Der Eintritt ist im höheren Preissegment, doch dafür sind die Liegen zur kostenfreien Nutzung und ab 19 Uhr ist der Eintritt frei.

Besonders schön sind die drei Schwimmpontons, die direkt in den See hineinragen und so das Gefühl geben, mittendrin zu sein.

An der Strandbar können Besucher sich mit der nötigen Verpflegung versorgen, eigene Getränke dürfen nicht mitgenommen werden.

Ein kleiner Teil des Sees ist abgetrennt, damit Kinder hier in Ruhe planschen können ohne Gefahr in zu tiefes Wasser zu geraten.

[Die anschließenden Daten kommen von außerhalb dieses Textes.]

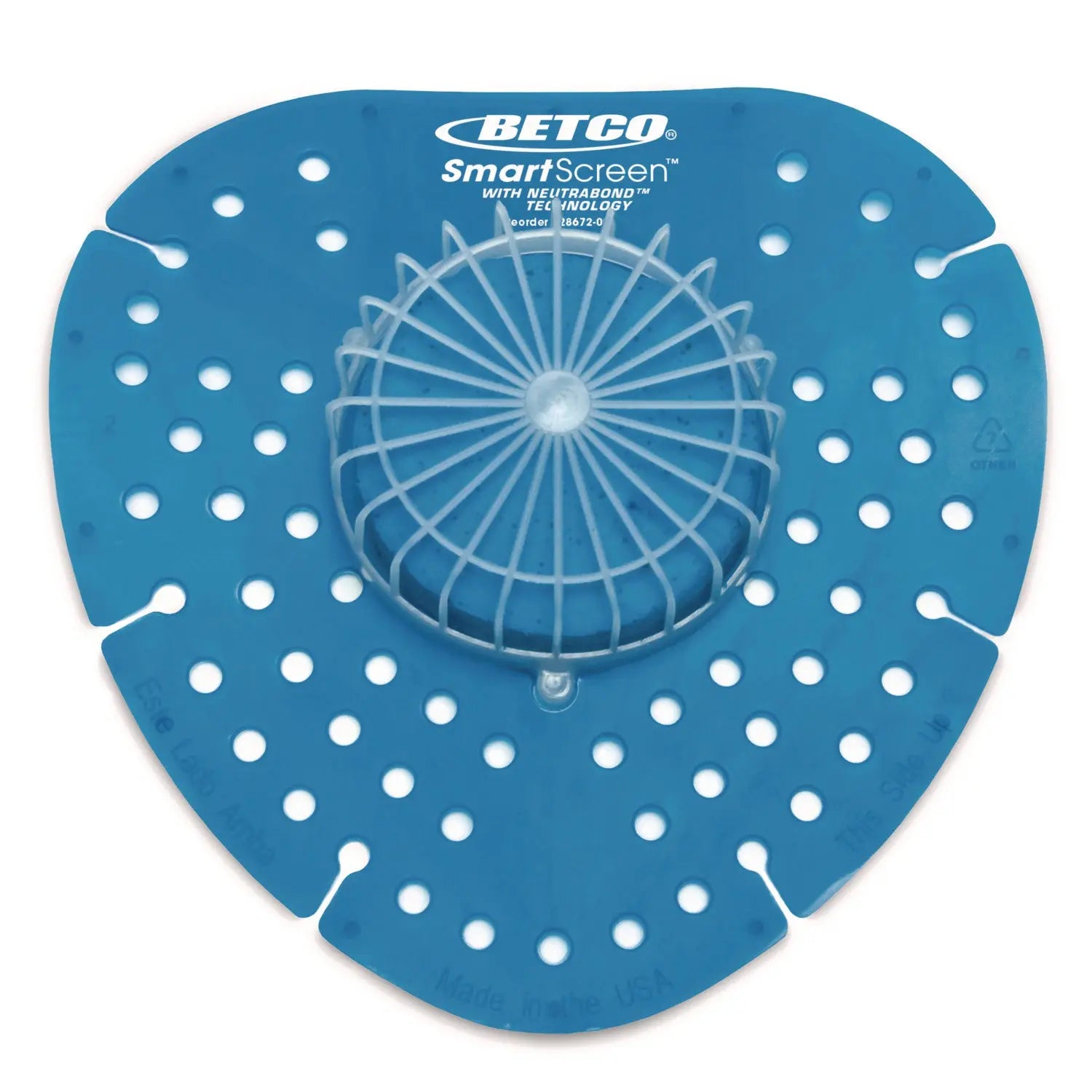 SmartSCREEN Urinal Screen, Ocean Blue Scent, Blue, 1 lb, 72/Carton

Ein schöner Ort, um nach einem Bummel in der Stadt zu relaxen oder die neuen Badeklamotten einzuweihen.

Strandbad Jungfernheide

Strandbad Jungfernheide
Der Jungfernheideteich mit Liegewiese. Foto von eigene Arbeit – eigene Arbeit, CC BY-SA 3.0.

Ebenfalls in direkter Nähe zum Ku’damm befindet sich das Strandbad Jungfernheide im Stadtteil Charlottenburg.

Wer einen Urlaub vom Alltag sucht oder einfach einen schönen Tag am Strand verbringen möchte, ist hier genau richtig aufgehoben.

Am wunderschönen Sandstrand macht es Spaß, sich vom Handtuch aus das Treiben im Wasser anzuschauen oder auf einer der Liegen zu entspannen.

Zusätzlich befinden sich dort ein langer Badesteg, eine 50 Meter Bahn und eine Wasserskianlage.

Die Eintrittspreise sind hoch und auch für Liegen und Sonnenschirme fällt eine Leihgebühr an. Dafür gibt es einen guten Service und zusätzlich die Möglichkeit, ein SUP zu leihen, um damit über den See zu gleiten.

Auf der Terrasse des Strandhauses gibt es einige Köstlichkeiten, um auch dem Gaumen eine Auszeit vom Alltag zu gönnen.